Read more: Find out more about the benefits of stepping out of your comfort zone and discover three questions that can start the journey out of the comfy bubble and towards knowing how to stop caring about what others think.
How To Stop Caring About What Others Think
It’s my personal growth and learning through this topic that I’d like to share with you. Here are three tips to help you in the process of not caring so much about what others think.
1. Give yourself permission, don’t wait for it
Since preschool, we have been trained to think that there is always a person we have to look up to ask for permission. From a teacher giving us permission to use the restroom, to a college giving us permission to be a student, and later, a boss giving us permission on the days we can take off and the projects we can work on.
After years of this programming, it’s no wonder we always feel like there is this judge we have to check-in with every time we have to make a decision. Especially, one that involves some sort of risk.
Being an adult is scary because now we have to make our own decisions. However, we’re still programmed in permission mindset. We’re so scared of judgment that we allow other people’s opinions to have more influence on our lives than our own. This causes us to doubt ourselves and move away from what our hearts say because we think others know better. But really, they’re just as afraid and unsure as we are.
That’s not to say we dismiss people all-together. Advice from others still has its place. You are reading this now, and I hope are able to receive it as guidance.
But how do we know if someone’s opinions are worth listening to? Here are a few questions to ask yourself that may help discern who you take advice from:
- Is this person happy with their life? This is such a basic concept, yet it’s easily overlooked. We are so scared that we take advice and listen to people who aren’t happy, and often they just project their limitations on our life is out of their unhappiness.

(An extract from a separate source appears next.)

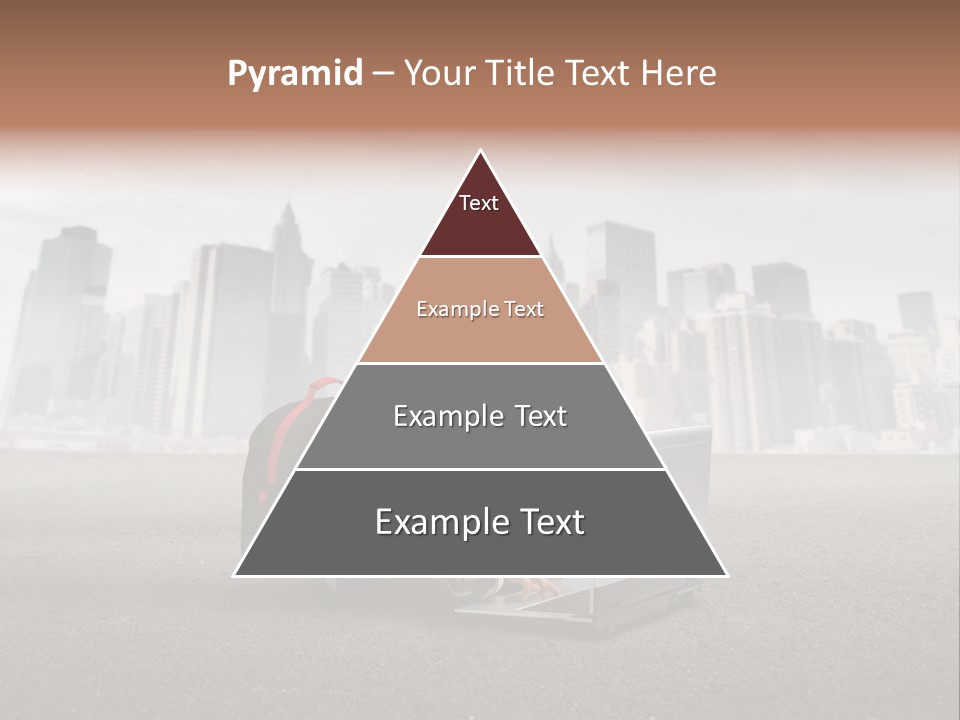 Trip Education Notebook PowerPoint Template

- Is this person living a life that I want? I remember a time right before quitting my corporate marketing job. I looked around at the offices at every position I would be promoted to and saw that they all seemed trapped. Right there, I had this realization that I didn’t want to be any of these people. Not my manager, not my CEO, no one. So why was listening to them?
- Is this person acting out of their own fears? Maybe it’s your parent or loved ones who don’t want you to leave a job and because they fear your security. Completely valid, but really what they’re afraid of is their own security and the pressure they think you’re going to put on them to always be worrying.
Regardless of who you listen to, your innate wisdom knows best. If you feel called to take action but hesitate because you feel you need someone’s approval, here is saying I like to remind myself of, “It’s better to ask for forgiveness than to ask for permission.”
2. Stop comparing yourself to others
We’re so scared of what other people think because we’ve made up these rules. Rules of how far we should be at age x, how much money we should have in the bank, when we should get married, and how long it will take to be successful.
If we aren’t living up to someone else’s expectations, we feel judged and less than. But other people’s expectations are something they made up, based on their journey. Their journey has nothing to do with yours.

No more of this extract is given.